Captioned web images:
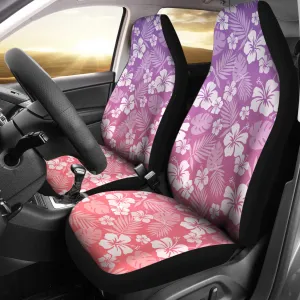 Coral and Purple Ombre Car Seat Covers With White Hibiscus Pattern Overlay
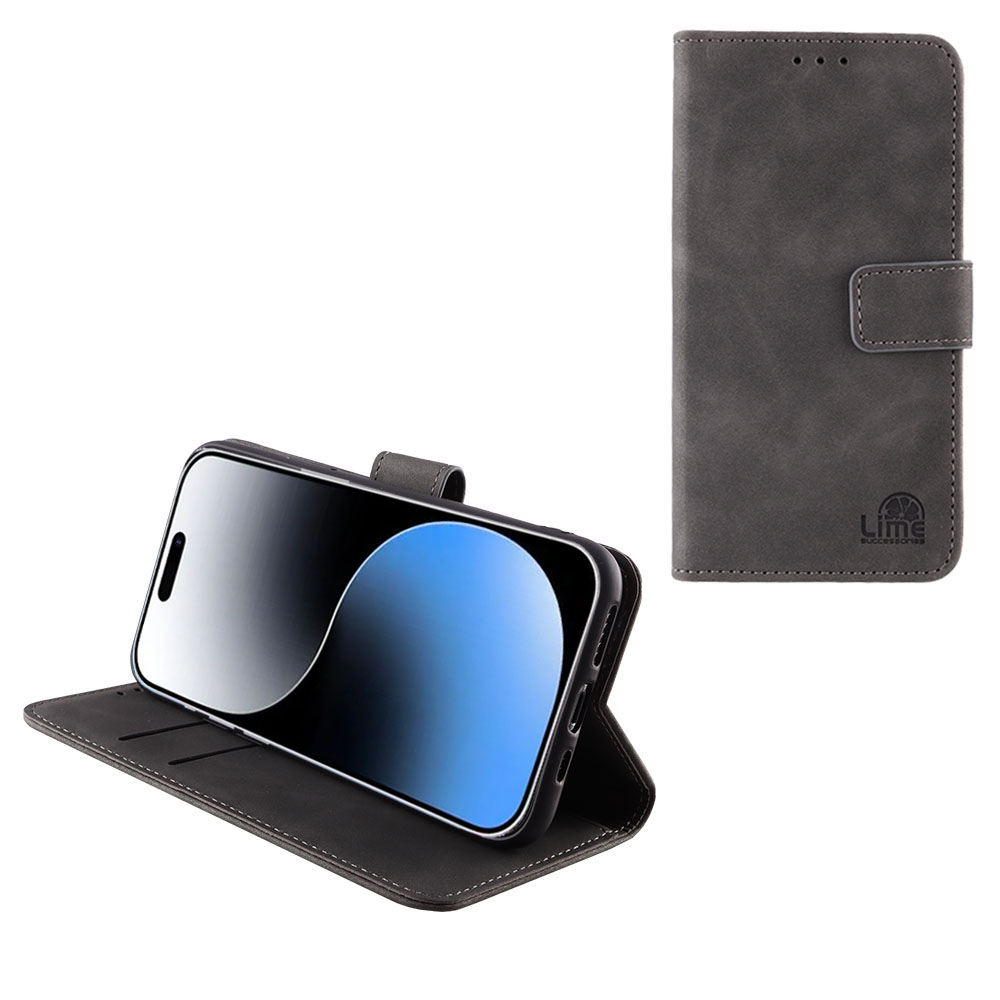 LIME ΘΗΚΗ IPHONE 15 6.1" ESSENTIAL MAGNET BOOK STAND CLIP GREY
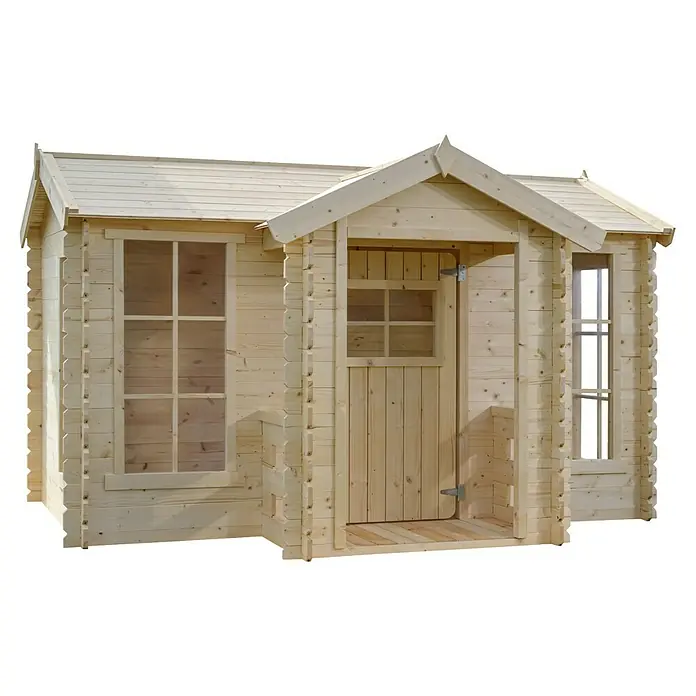 Timbela Spielhaus - L x B x H: 187 x 241 x 151 cm, Holz, Natur - Abbildung eines Holzgartenhauses mit Fenstern und Tür, ideal für zusätzlichen Stauraum oder als charmantes Spielhaus im Garten.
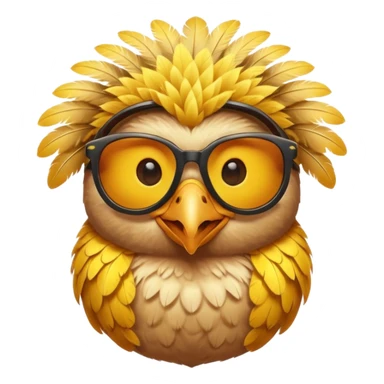 cool happy bird with sunglassess  sticker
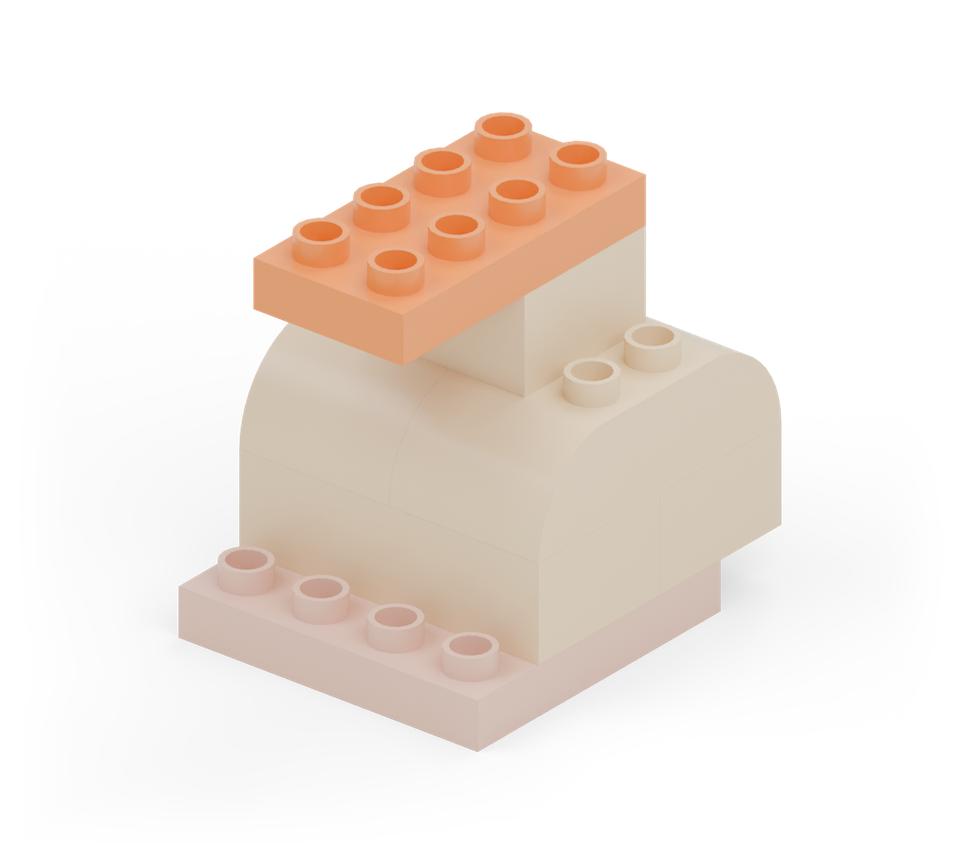 Place the orange small plate on the head for the bill. Its back edge lines up with the head; two rows project forward.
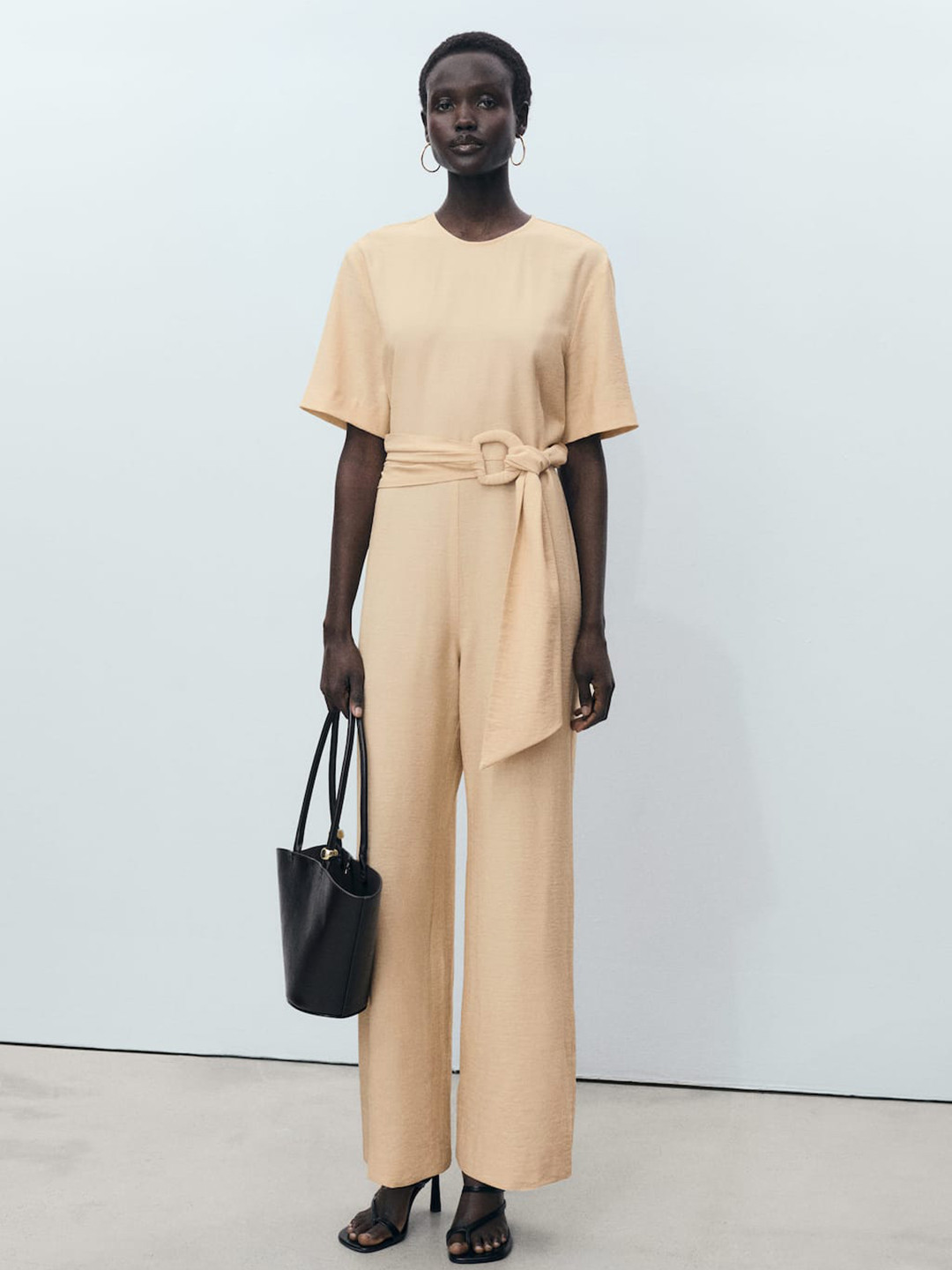 MANGO Textured Jumpsuit with Belt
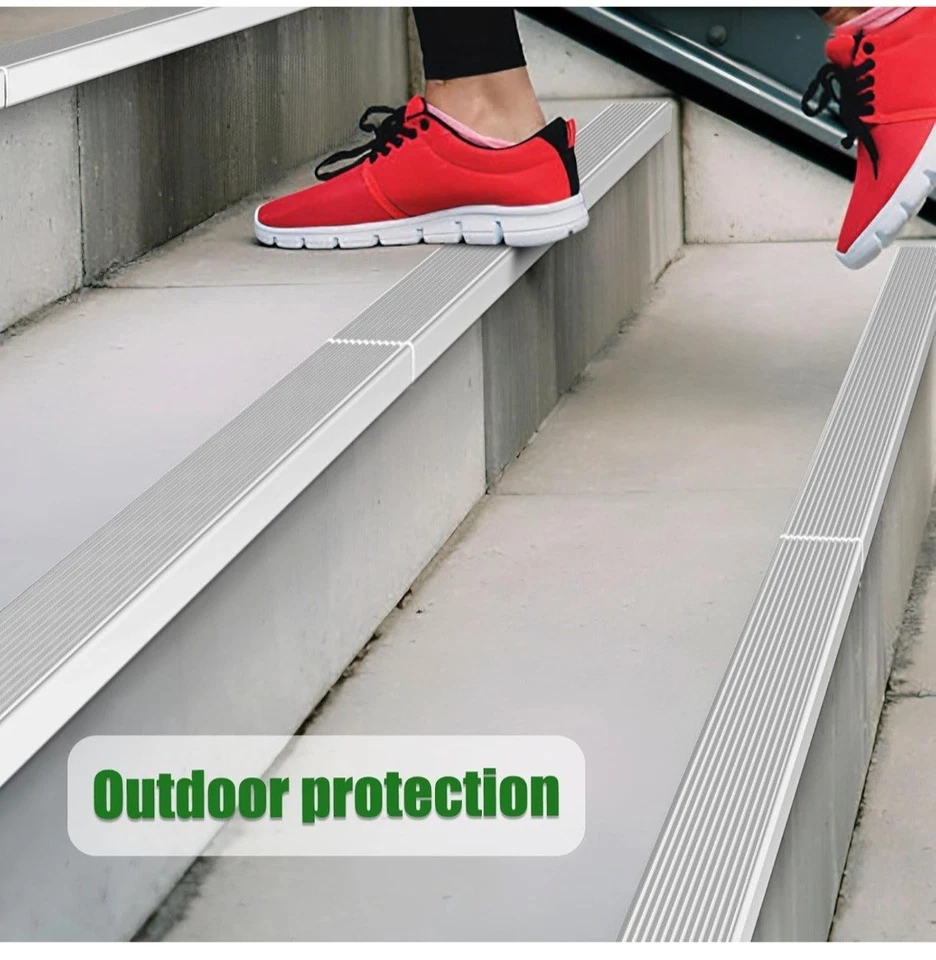 Protector de borde de escalera de aluminio - Nariz de escalera antideslizante con autoadhesivo... Foto 3 de 4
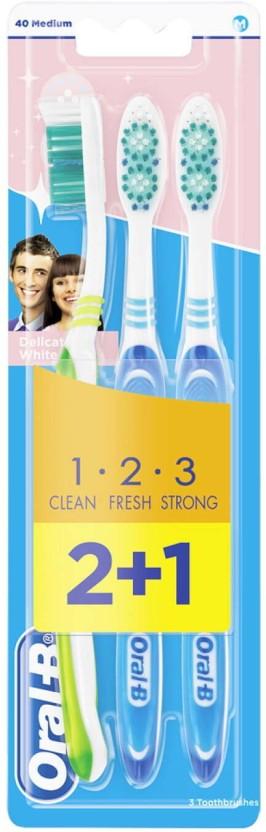 ORAL-B 123 Delicate White, 40 Medium Medium Toothbrush (6 Toothbrushes)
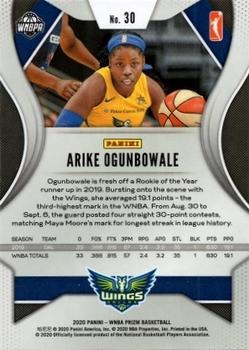2020 Panini Prizm WNBA #30 Arike Ogunbowale Back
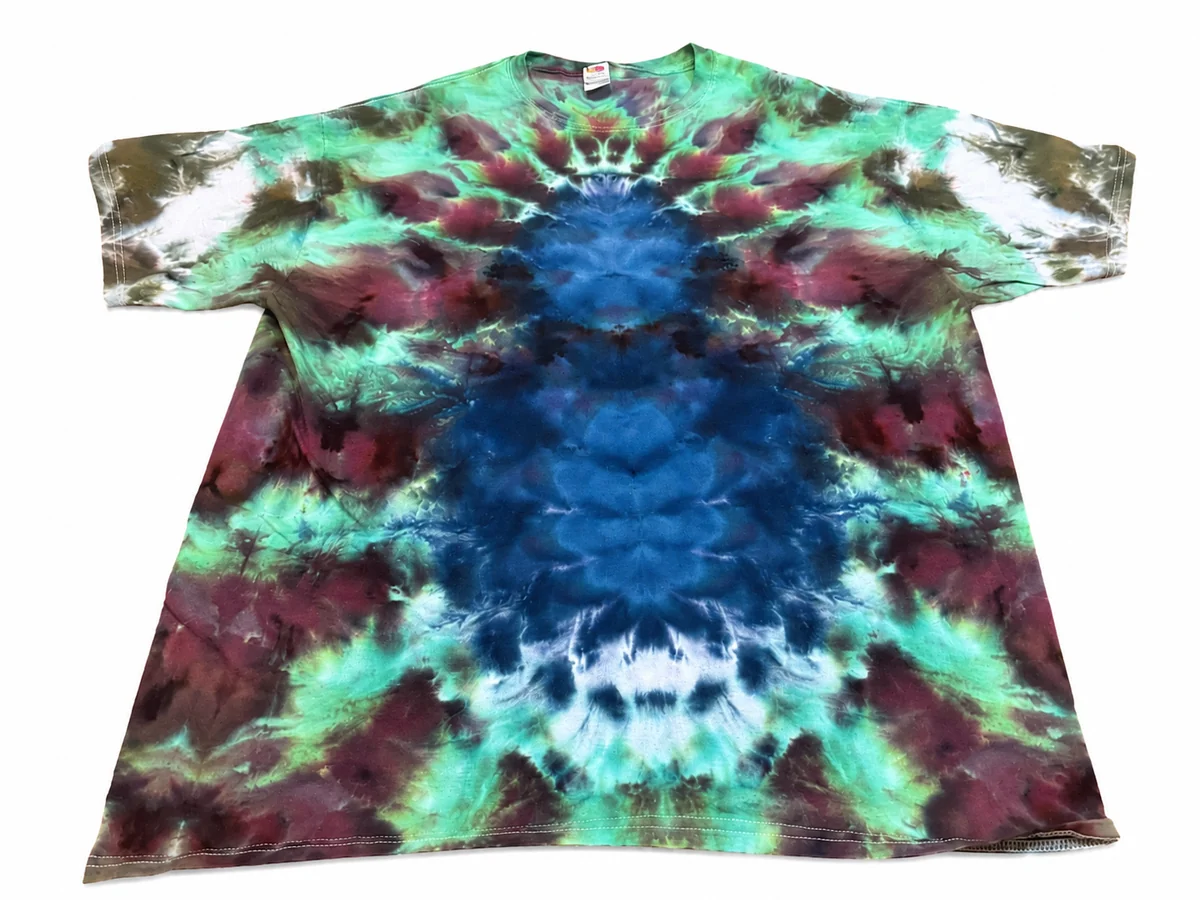 Blue, mint and plum hand-dyed shirt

**Description of the task**
Set down exactly, and only, the lines from the one containing "cool happy bird" through the last line of the entries. Pictures do not belong in the copy.

**Answer to the exercise**
 cool happy bird with sunglassess  sticker
 Place the orange small plate on the head for the bill. Its back edge lines up with the head; two rows project forward.
 MANGO Textured Jumpsuit with Belt
 Protector de borde de escalera de aluminio - Nariz de escalera antideslizante con autoadhesivo... Foto 3 de 4
 ORAL-B 123 Delicate White, 40 Medium Medium Toothbrush (6 Toothbrushes)
2020 Panini Prizm WNBA #30 Arike Ogunbowale Back
 Blue, mint and plum hand-dyed shirt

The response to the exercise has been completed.